If this parameter is not set, the function is disabled by default.

Volcano

huawei.com/schedule_dequeue_frequency

Number of times that a job is dequeued. The value is automatically updated by Volcano.

The value increases by 1 each time a job is dequeued.

NOTE:

Delete the value if the job is not in the Inqueue or Pending status.

Volcano

huawei.com/schedule_enqueue_time

Time when a job is enqueued (changing its status from Pending to Inqueue). The value is automatically updated by Volcano.

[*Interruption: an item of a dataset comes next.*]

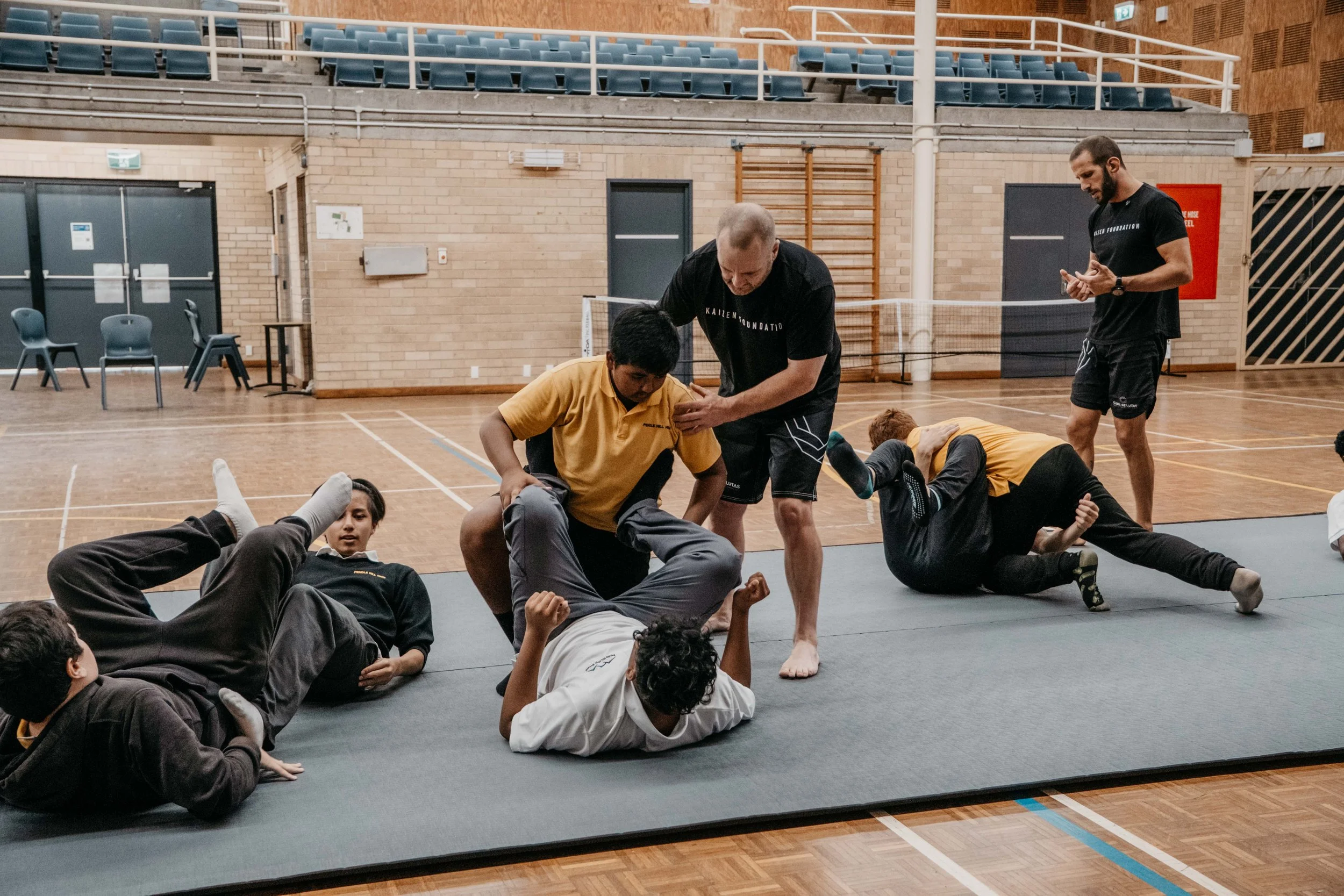 Introductory Brazilian Jiu JItsu and Judo Programs in Schools for anti-bullying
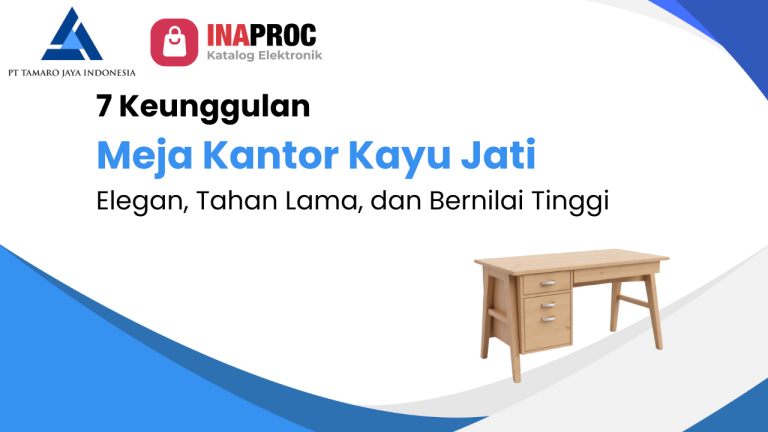 Meja Kantor Kayu Jati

Milliseconds-level timestamp.

NOTE:
  • If enqueuing a job takes longer than 5 minutes and the dequeue function is enabled, the job is removed to free resources for other jobs.
  • Delete the value if the job is not in the Inqueue status.

Volcano

Table 3 huawei.com/schedule_policy configuration description

Configuration

Description

chip4-node8

One node has eight processors, and four processors form an interconnection ring, for example, the processor layout of the Atlas 800 training server (model 9000) or Atlas 800 training server (model 9010).

chip1-node2

One node has two processors. For example, one Atlas 300T training card can be equipped with only one processor, and one node can be equipped with a maximum of two Atlas 300T training cards.

chip4-node4

One node has four processors, and four processors form an interconnection ring, for example, the processor layout of the Atlas 800 training server (model 9000) or Atlas 800 training server (model 9010).

chip8-node8

One node has eight processors, and eight processors form on one interconnection ring, for example, the processor layout of the Atlas 800T A2 training server.

chip8-node16

One node has 16 processors, and eight processors form on one interconnection ring, for example, the processor layout of the Atlas 200T A2 Box16 heterogeneous subrack.

chip2-node16

One node has 16 processors, and two processors form on one interconnection ring, for example, the processor layout of the Atlas 800T A3 SuperPoD Server.

chip2-node16-sp

One node has 16 processors, and two processors form on one interconnection ring, and multiple servers form a SuperPoD, for example, the processor layout of the Atlas 900 A3 SuperPoD.